"I was astounded, like everyone else, when I saw him take out a notebook from his pocket one day while I was speaking to him, and write down several lines before answering. Again a little later I observed the same action, but then realizing my mistake as I watched his scribbling hand, I knew there was no apparent connection between the fragments of language that were circulating in the air and what he was consigning to his notebook: that was the click, that turning of the key that released the association of ideas."
Barthes did not instil in his students a method (his own methods, anyway, were always evolving), but instead a respect for one's capacity for silent, inward reflection. He was an honest mentor; he knew the limits of all counsel. No great teacher, he understood, would ever try to simply transmit the moral of any given story from his mind to another. Such a task would always prove impossible. Only an individual reader could find the truth of a text, and only after he linked that text to his own lived experience. Barthes used to tell his students: "It's when you lift your head that you're really reading."
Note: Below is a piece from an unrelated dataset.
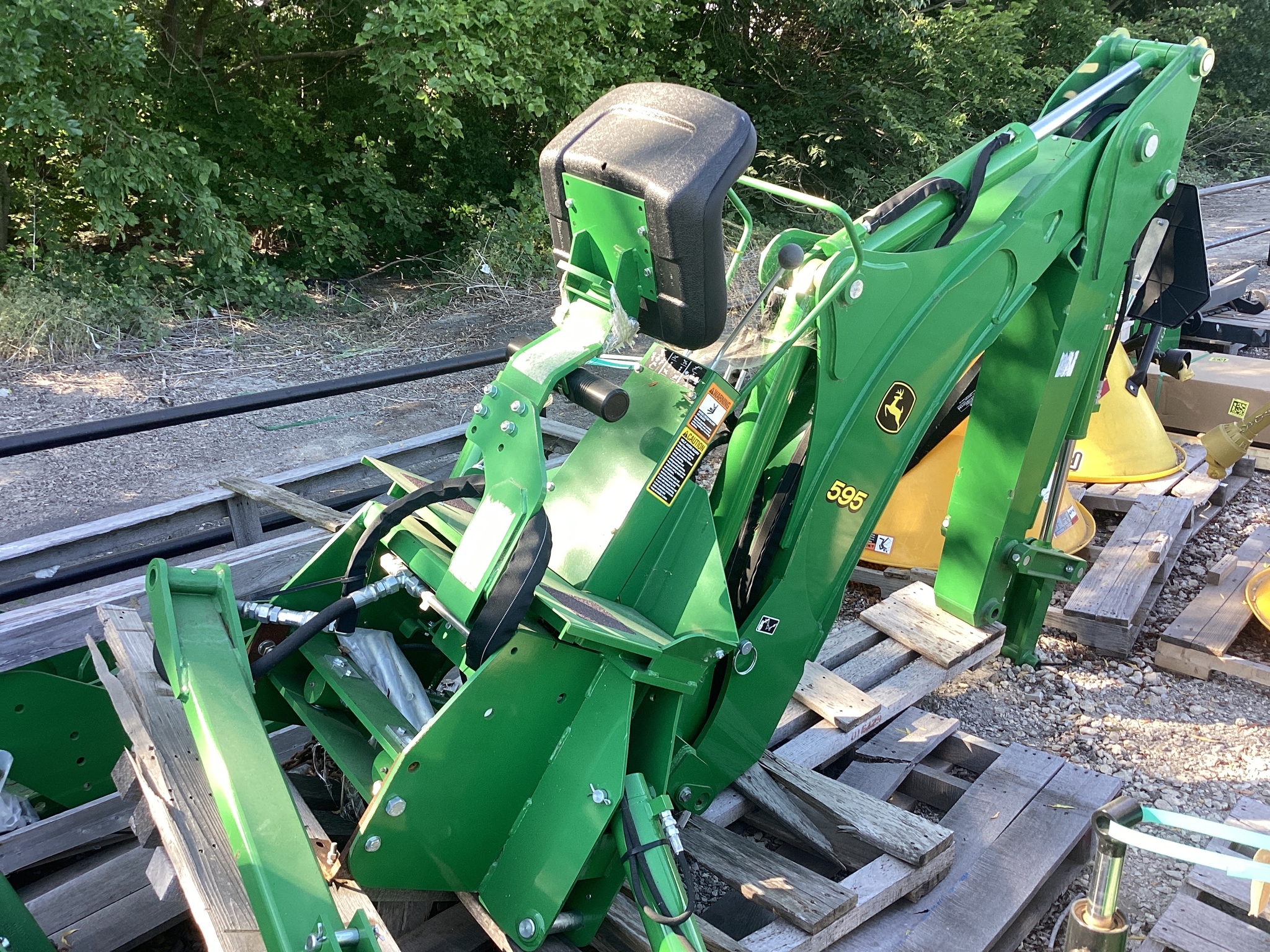 2023 John Deere 595 Image 2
Here is another way of putting it, with a slightly different emphasis: "Art too is just a way of living." This was Rainer Maria Rilke's phrasing in a 1908 letter to Franz Xaver Kappus, the young poet who had written Rilke in search of guidance. Like Barthes, Rilke mentored largely through demonstration. Through seriousness of tone—seriousness that sometime devolved into melodrama—Rilke imbued the gravity with which the young poet should undertake his craft. "Find out the reason that commands you to write; see whether it has spread its roots onto the very depths of your heart," Rilke wrote to Kappus in 1903. Guidance would only take the young writer so far. The journey, in the end, was his alone to make: "No one can advise or help you—no one. There is only one thing you should do. Go into yourself."
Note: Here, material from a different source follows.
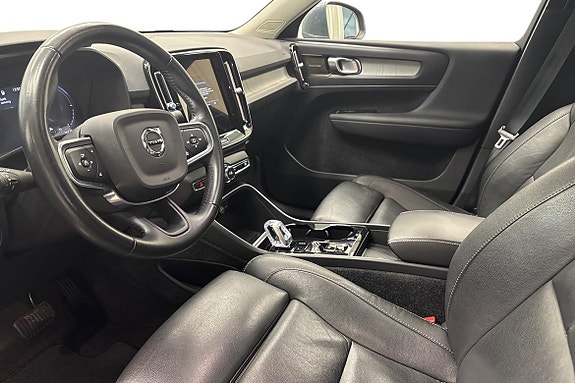 Volvo XC40 8 of 26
How can such advice not betray itself? Kappus, Rilke must have known, had already looked within, and had found himself wanting. What the young poet needed was something from without to make his thoughts complete. Bois, too, in reflecting on Barthes, wrote of how he "didn't only want to quote" his master, but to "use his text in a sort of trusteeship," to seamlessly assimilate Barthes's ideas into his own. Kappus and Bois, like all disciples, sought from their teachers not just advice, but models to be emulated and absorbed. They wanted to know: how should one think? How should one live?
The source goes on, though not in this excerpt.